(18) Il faut que
les responsables politiques prennent conscience de la gravité du
problème. De nos jours, dans les pays occidentaux, il n’est pas rare que
l’action politique privilégie les aspects pragmatiques et ce qu’on
appelle la «politique des équilibres» sur des points concrets, tout en
évitant d’entamer un débat sur les principes qui risquerait de
compromettre la cohésion difficile et précaire entre les partis,
alliances ou coalitions. Or ces équilibres ne devraient-ils pas
être fondés plutôt sur la limpidité des principes, le
respect des valeurs essentielles, la clarté des postulats fondamentaux?
«S’il n’existe aucune vérité dernière qui guide et oriente l’action politique, les
idées et les convictions peuvent être facilement exploitées
au profit du pouvoir.

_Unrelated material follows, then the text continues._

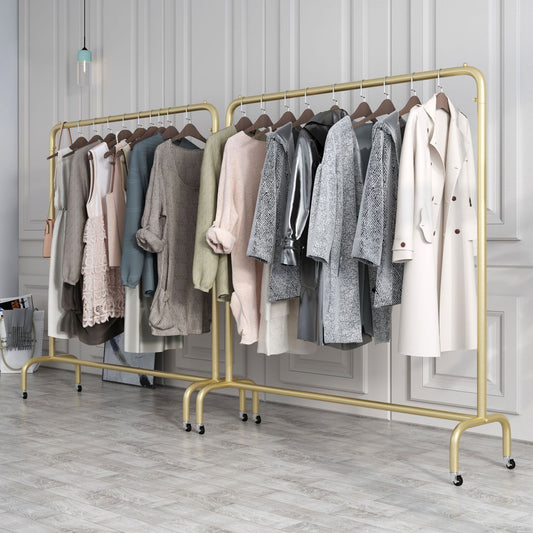 200x200cm cloth hanger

Une démocratie sans valeurs se transforme
facilement en un totalitarisme déclaré ou sournois, comme le
montre l’histoire[24][24]». La fonction
législative correspond à la responsabilité politique; il
appartient donc aux responsables politiques de veiller (non seulement au niveau
des principes, mais aussi des applications) à éviter tout
décalage entre loi morale et loi civile, avec les graves
conséquences présentes et futures qui en découlent, et
à conserver la valeur éducative et culturelle de l’ordre
juridique[25][25]. La manière la plus efficace de
défendre l’intérêt public ne consiste pas dans des
concessions démagogiques aux groupes de pression qui cherchent à
promouvoir les unions de fait, mais dans la promotion énergique et
systématique de politiques familiales globales. Ces politiques doivent
faire de la famille fondée sur le mariage le centre et le moteur de la
politique sociale, et couvrir le large éventail des droits de la famille[26][26]. Le Saint-Siège s’est penché sur
cette question dans sa Charte des droits de la Famille[27][27], dans laquelle il dépasse une conception
des interventions de l’État limitée à l’assistanat.